One of the issues that I had with previous interviews that I conducted was that I would write my questions with possible answers in mind. I would assume that my subjects were going to answer in certain ways or say certain things. Then, when they did not go according to the idea that I had of how the interview would go or deviated in another way, I got flustered. I either had to think on my feet or just give up on the interview. I learned that not every interview will turn out to be a good interview and not every interviewee is necessarily a good interviewee. It’s how you handle the situation and move on with future projects and interactions that really allows you to evolve as a researcher.
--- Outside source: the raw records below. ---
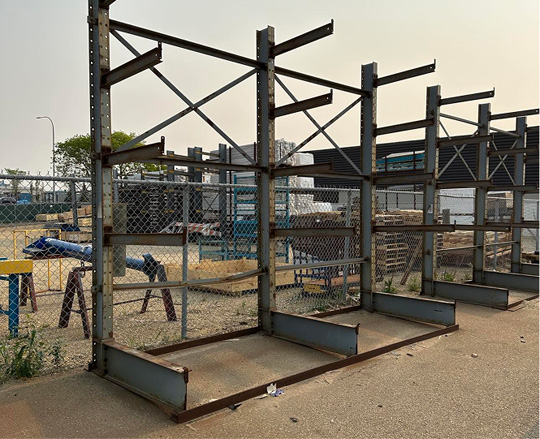 Used cantilever 5 1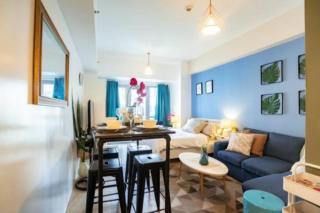 Cozy Studio Flat Near Airport - Manila - 3
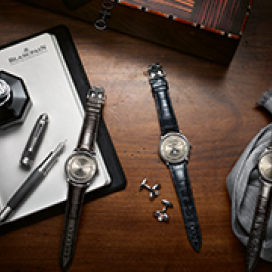Villeret 经典系列： 成就完美绅士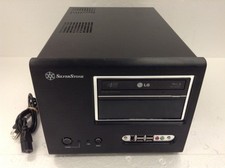 Silverstone IES Cube P55 PC Intel Core i7-860 2.80GHz 8GB DDR3 GTX 460 Blu-ray picture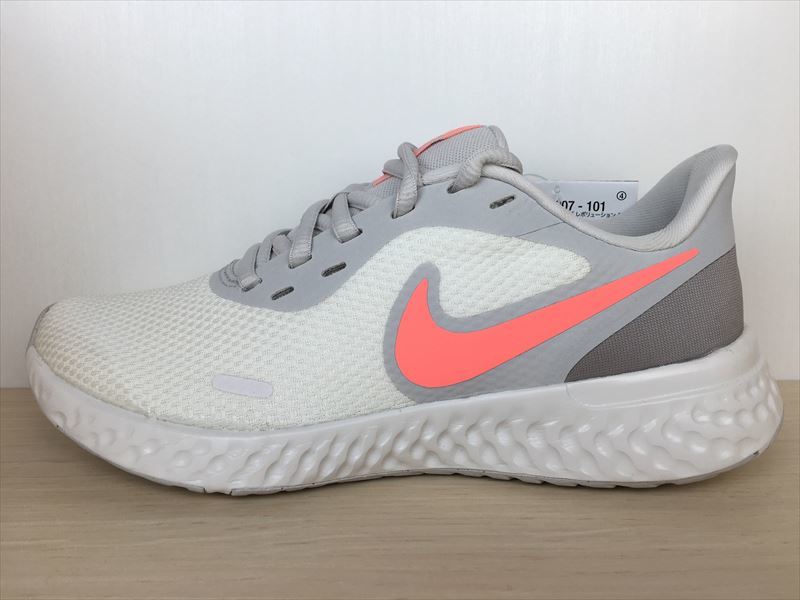 NIKE(ナイキ) REVOLUTION 5(レボリューション5) BQ3207-101 スニーカー 靴 ウィメンズ 25,0cm 新品 (1770)拍卖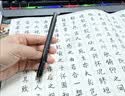 得力（deli）钢笔式毛笔软笔书法练习毛笔小楷可加墨换芯成人初学者入门字帖练字抄经开学礼物【赠18支墨囊】 实拍图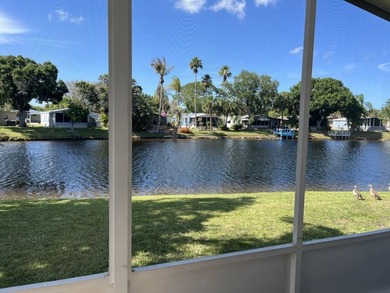 Welcome to Vero Palm Estates a 55+ age-qualified/all age] active - photo 1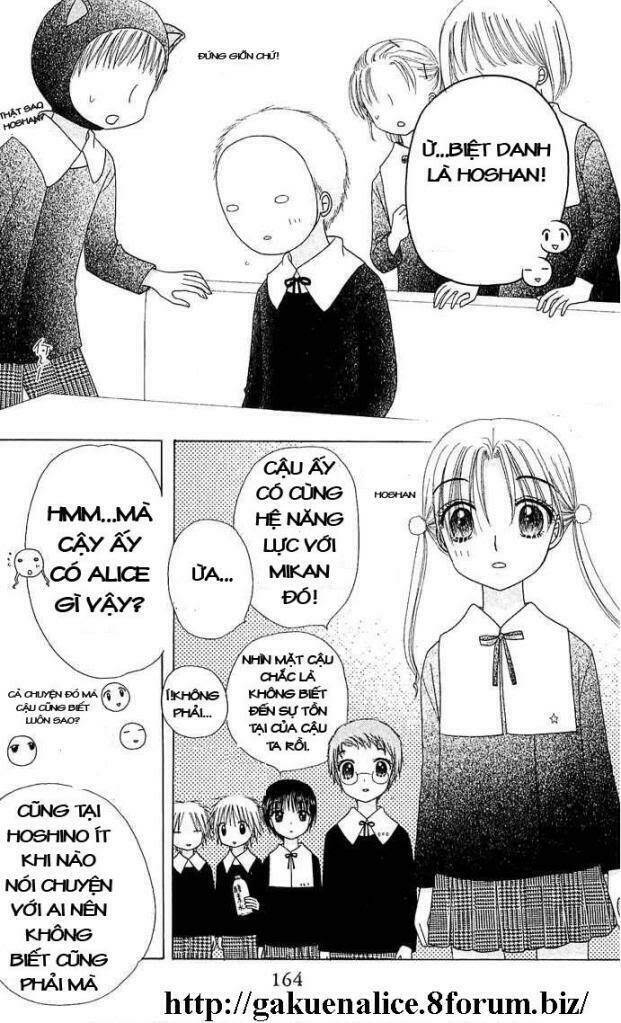 Gakuen Alice Chapter 76 - Trang 2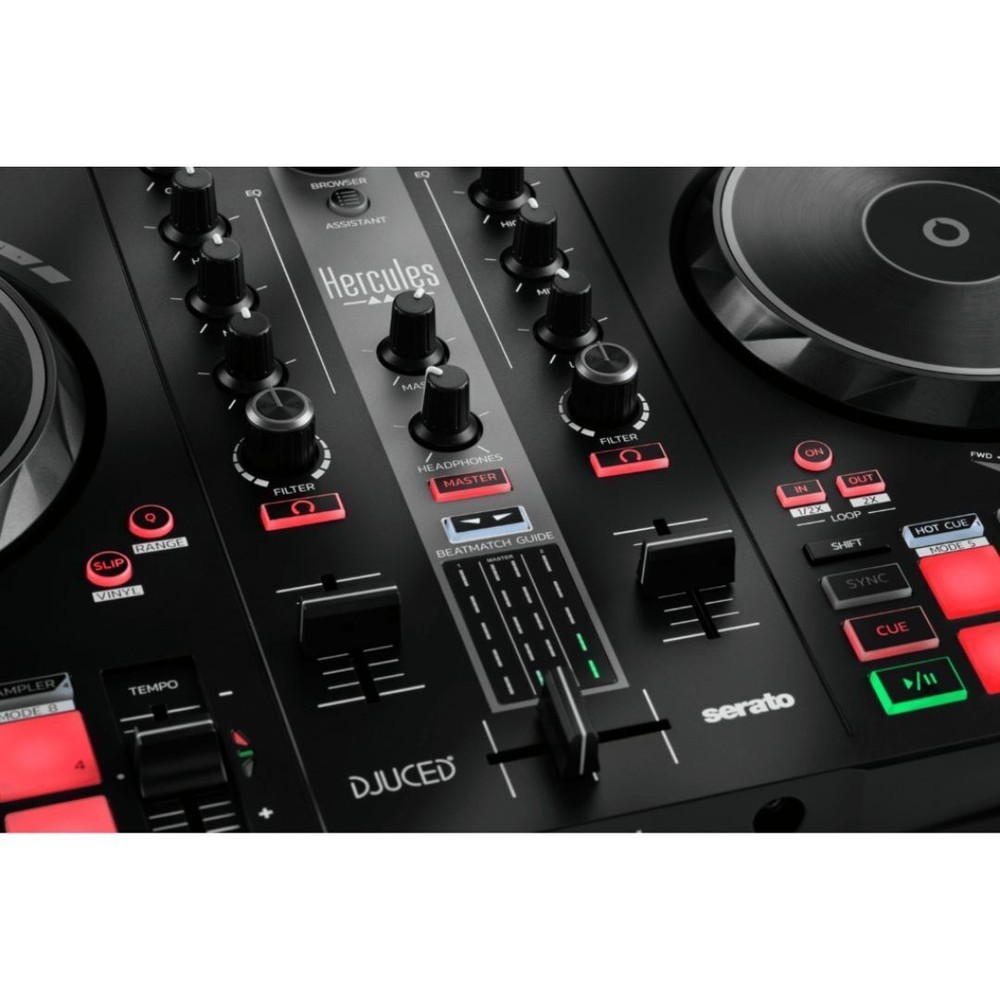 Hercules DJ Control Inpulse 300 MK2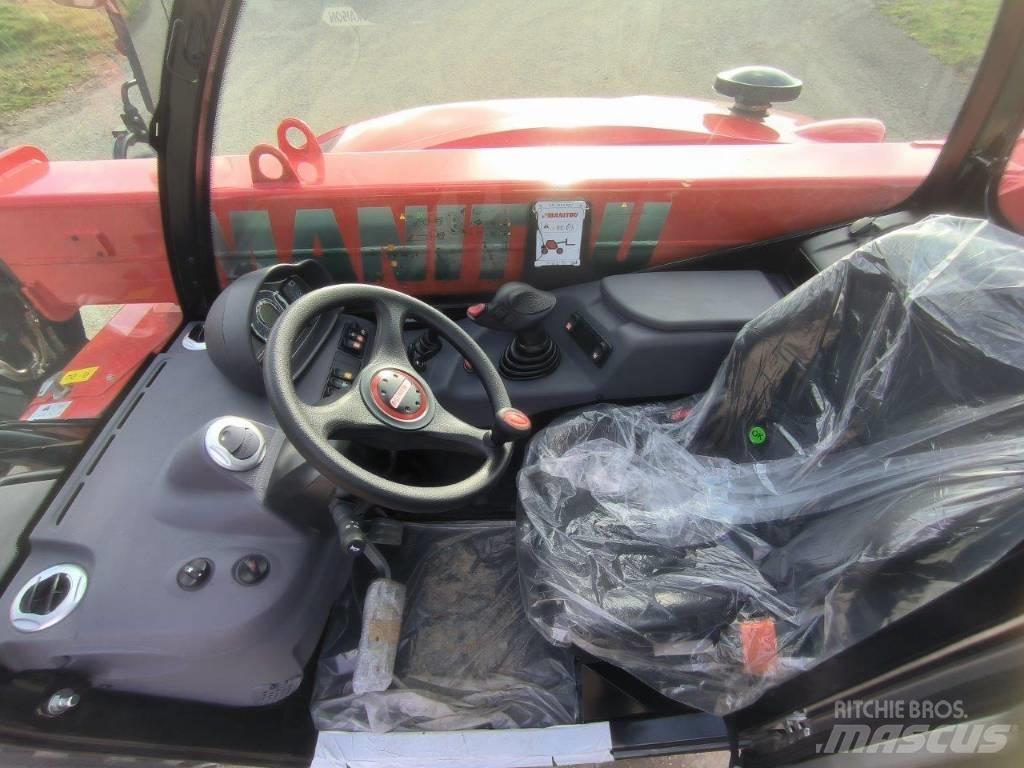 Manitou MT 625 H Teleskooplaadurid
Preparing to do my first interview for my capstone was nerve-racking. I find that I get even more nervous interviewing people that I know rather than strangers on the street or people that I reached out to through a mutual contact or connection. As I said, it’s been around 18 months since the last time that I had to do this. The interview approach that I believe is the most successful is the unstructured type. While it can lead to tangents and side conversations, it opens up for the interviewee to interpret the question. The issue that I had in the past where I would unintentionally anticipate how people would answer and interpret my questions does not allow for those side conversations that can lead to greater depths of research. This time around I am working with a question bank. This way, I have questions that relate to my topic no matter what, that can also keep the conversation on track. However, if the conversation flows into other things that are still constructive, it keeps the dialogue open. Below is an example of my question bank for this research I am conducting.

Question Bank:

- How old are you?

- Do you consider yourself as part of a certain “generation”, if so, which?

- When was the first time you voted?

- What motivated you to vote?

- Have any recent campaigns caught your attention? Why?

- How long have you been following politics?

- Are you vocal about your political opinions in real life? What about on social media?

- How do you interact with politics on social media?

  • How do you feel about seeing politics on social media?